ANNELİĞİ SEVDİM
Ahmet Mümtaz Taylan'ın 5 buçuk yaşındaki kızı Marisa'yı sorduğu Saaddet Işıl Aksoy: Anneliği sevdim. Seveceğimi tahmin ediyordum, tahminimden daha çok sevdim. 5 buçuk yaşında oldu. Çok çalışıp, çok boşluklar verebiliyoruz ya, onun dünyasına girme fırsatı yakaladım... Anneliğin oyunculuğuma katkısı oldu. Ebeveynlik hikayesi, insanın kendini de keşfettiği hikaye oluyor. Çocuğunu tanırken, kendini tanıyorsun. Kendine şefkat gösterebildikçe çocuğuna şefkat gösterebiliyorsun derken, bir alışveriş hali yaşanıyor. Mesleğinden daha önemli bir şey olması, insanı çok rahatlatıyor. Mesleğini kafana takmamaya çalışıyorsun
Saadet Işıl Aksoy, Ahmet Mümtaz Taylan'ın kadınlara destek verek, kadınların meslek hayatındaki yaşadıkları zorlukları hatırlatması üzerine, dikkat çeken şu cümleleri kurdu: Kadın olarak, doğduğunuz andan itibaren aslında kendinizi suçlayarak yaşıyorsunuz! Şimdi bu taciz konuları da oldu ya, sadece sokakta, sadece aile içinde, sadece meslek hayatında olmuyor ki! Her yerde bunu yaşıyorsunuz!

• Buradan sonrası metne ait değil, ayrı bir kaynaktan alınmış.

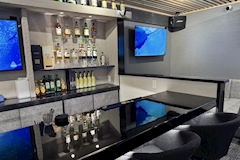 Lounge Anshu・ラウンジアンシュ - 新潟駅前のスナック 店舗写真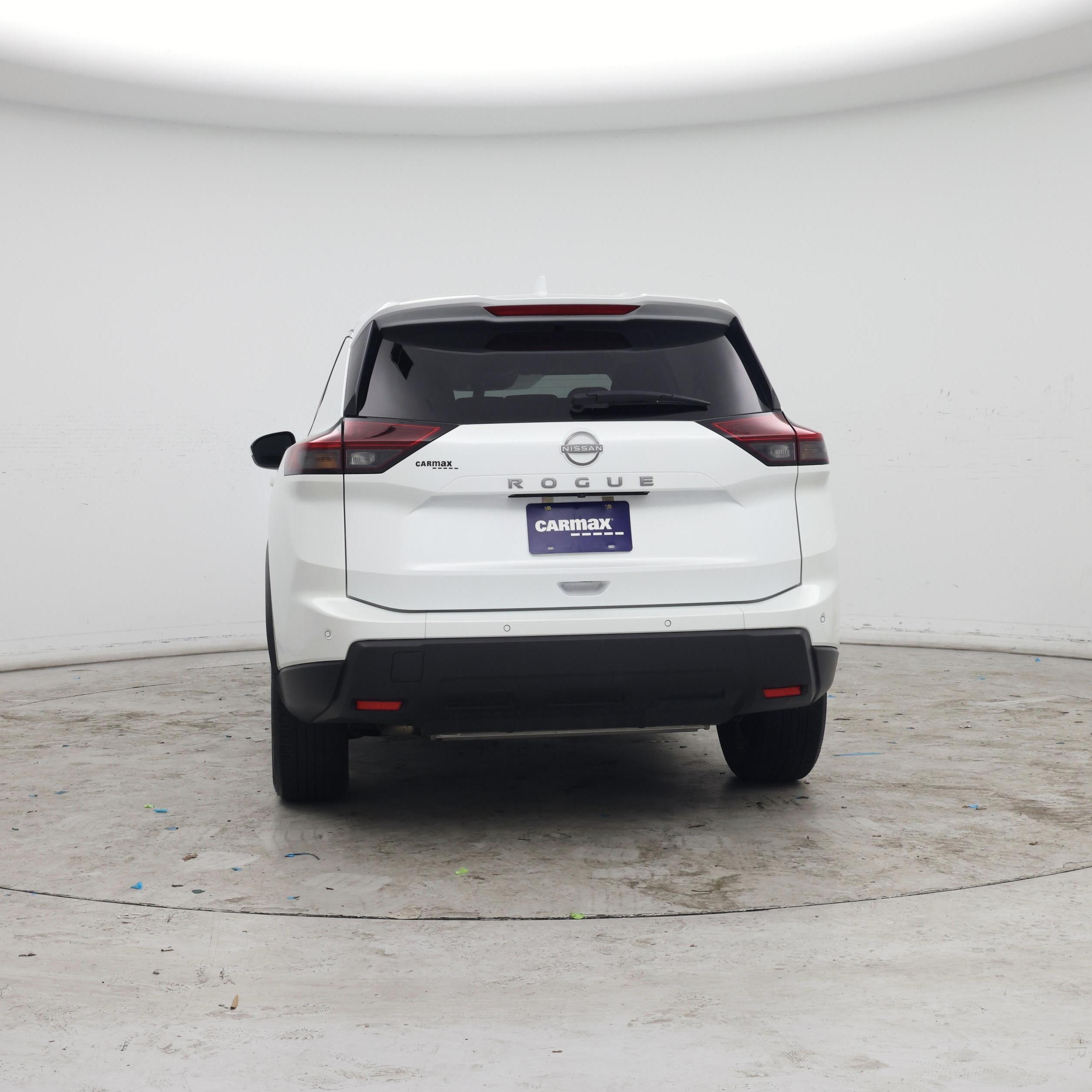 Thumbnail: 2025 Nissan Rogue - 6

13 yaşımda karşıdan bir erkek geldiğinde kaldırımı değiştirmeyi öğreniyorsun, ya da minibüste giderken birisi aman sana dokunmasın, taciz etmesin diye, hemen sırtını cama doğru yaslayıp önüne doğru montunu kapatmayı öğreniyorsun. Ve bunları farkında olarak bile yapmıyorsun, bu otomatik yaşam tarzına dönüşüyor ve kabul ediyorsun!
Biz de böyle şeyler yaşamadık mı, meslekte de yaşadık hepimiz, aman bir şey demeyeyim de benden bilmesinler, çünkü kadından bilinirdi her şey! Bu seslerin yükselmesi çok umut verici. Benim kızımın nesli için umut veriyorlar.
Böyle bir şey okumuştum, dünyada olan bir şey, sadece Türkiye'de değil. Hayal farkı diye bir şey varmış, kız çocukları 7 yaşına kadar, erkek çocuklarıyla aynı hayalleri kuruyorlar, 7'den itibaren olan biteni anlamaya başladıkça gitgide hayallerini küçültüyorlarmış.